Instructions to follow:
Please print each entry below exactly as it reads.
---- Information provided
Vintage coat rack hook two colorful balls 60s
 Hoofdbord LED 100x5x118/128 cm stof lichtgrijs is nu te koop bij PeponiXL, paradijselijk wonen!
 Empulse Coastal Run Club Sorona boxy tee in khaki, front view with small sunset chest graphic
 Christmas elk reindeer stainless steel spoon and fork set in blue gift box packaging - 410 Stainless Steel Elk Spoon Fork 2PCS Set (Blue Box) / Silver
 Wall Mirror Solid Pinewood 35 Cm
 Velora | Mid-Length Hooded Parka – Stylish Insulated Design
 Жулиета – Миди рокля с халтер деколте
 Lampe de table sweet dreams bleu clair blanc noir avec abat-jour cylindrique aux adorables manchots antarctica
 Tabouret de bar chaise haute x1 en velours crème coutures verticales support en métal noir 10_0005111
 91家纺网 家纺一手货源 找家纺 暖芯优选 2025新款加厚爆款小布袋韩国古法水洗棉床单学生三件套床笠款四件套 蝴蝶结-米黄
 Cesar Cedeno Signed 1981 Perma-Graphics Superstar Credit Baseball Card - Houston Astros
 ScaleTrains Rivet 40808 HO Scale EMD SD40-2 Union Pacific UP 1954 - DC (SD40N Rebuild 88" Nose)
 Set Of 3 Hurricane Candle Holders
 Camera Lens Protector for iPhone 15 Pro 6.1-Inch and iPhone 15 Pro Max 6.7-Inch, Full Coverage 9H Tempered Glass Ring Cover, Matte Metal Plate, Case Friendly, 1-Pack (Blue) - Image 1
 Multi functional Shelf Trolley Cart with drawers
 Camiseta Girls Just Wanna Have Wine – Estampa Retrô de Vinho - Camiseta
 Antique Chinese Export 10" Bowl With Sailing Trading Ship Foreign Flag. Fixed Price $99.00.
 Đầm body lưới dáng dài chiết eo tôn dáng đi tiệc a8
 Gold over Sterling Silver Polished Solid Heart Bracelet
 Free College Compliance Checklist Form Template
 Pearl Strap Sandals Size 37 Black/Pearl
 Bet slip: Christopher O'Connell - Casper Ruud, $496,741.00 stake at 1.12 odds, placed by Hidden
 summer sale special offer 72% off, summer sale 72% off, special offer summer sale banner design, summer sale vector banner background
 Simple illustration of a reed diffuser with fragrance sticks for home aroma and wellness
--------
Completed exercise:
Vintage coat rack hook two colorful balls 60s
 Hoofdbord LED 100x5x118/128 cm stof lichtgrijs is nu te koop bij PeponiXL, paradijselijk wonen!
 Empulse Coastal Run Club Sorona boxy tee in khaki, front view with small sunset chest graphic
 Christmas elk reindeer stainless steel spoon and fork set in blue gift box packaging - 410 Stainless Steel Elk Spoon Fork 2PCS Set (Blue Box) / Silver
 Wall Mirror Solid Pinewood 35 Cm
 Velora | Mid-Length Hooded Parka – Stylish Insulated Design
 Жулиета – Миди рокля с халтер деколте
 Lampe de table sweet dreams bleu clair blanc noir avec abat-jour cylindrique aux adorables manchots antarctica
 Tabouret de bar chaise haute x1 en velours crème coutures verticales support en métal noir 10_0005111
 91家纺网 家纺一手货源 找家纺 暖芯优选 2025新款加厚爆款小布袋韩国古法水洗棉床单学生三件套床笠款四件套 蝴蝶结-米黄
 Cesar Cedeno Signed 1981 Perma-Graphics Superstar Credit Baseball Card - Houston Astros
 ScaleTrains Rivet 40808 HO Scale EMD SD40-2 Union Pacific UP 1954 - DC (SD40N Rebuild 88" Nose)
 Set Of 3 Hurricane Candle Holders
 Camera Lens Protector for iPhone 15 Pro 6.1-Inch and iPhone 15 Pro Max 6.7-Inch, Full Coverage 9H Tempered Glass Ring Cover, Matte Metal Plate, Case Friendly, 1-Pack (Blue) - Image 1
 Multi functional Shelf Trolley Cart with drawers
 Camiseta Girls Just Wanna Have Wine – Estampa Retrô de Vinho - Camiseta
 Antique Chinese Export 10" Bowl With Sailing Trading Ship Foreign Flag. Fixed Price $99.00.
 Đầm body lưới dáng dài chiết eo tôn dáng đi tiệc a8
 Gold over Sterling Silver Polished Solid Heart Bracelet
 Free College Compliance Checklist Form Template
 Pearl Strap Sandals Size 37 Black/Pearl
 Bet slip: Christopher O'Connell - Casper Ruud, $496,741.00 stake at 1.12 odds, placed by Hidden
 summer sale special offer 72% off, summer sale 72% off, special offer summer sale banner design, summer sale vector banner background
 Simple illustration of a reed diffuser with fragrance sticks for home aroma and wellness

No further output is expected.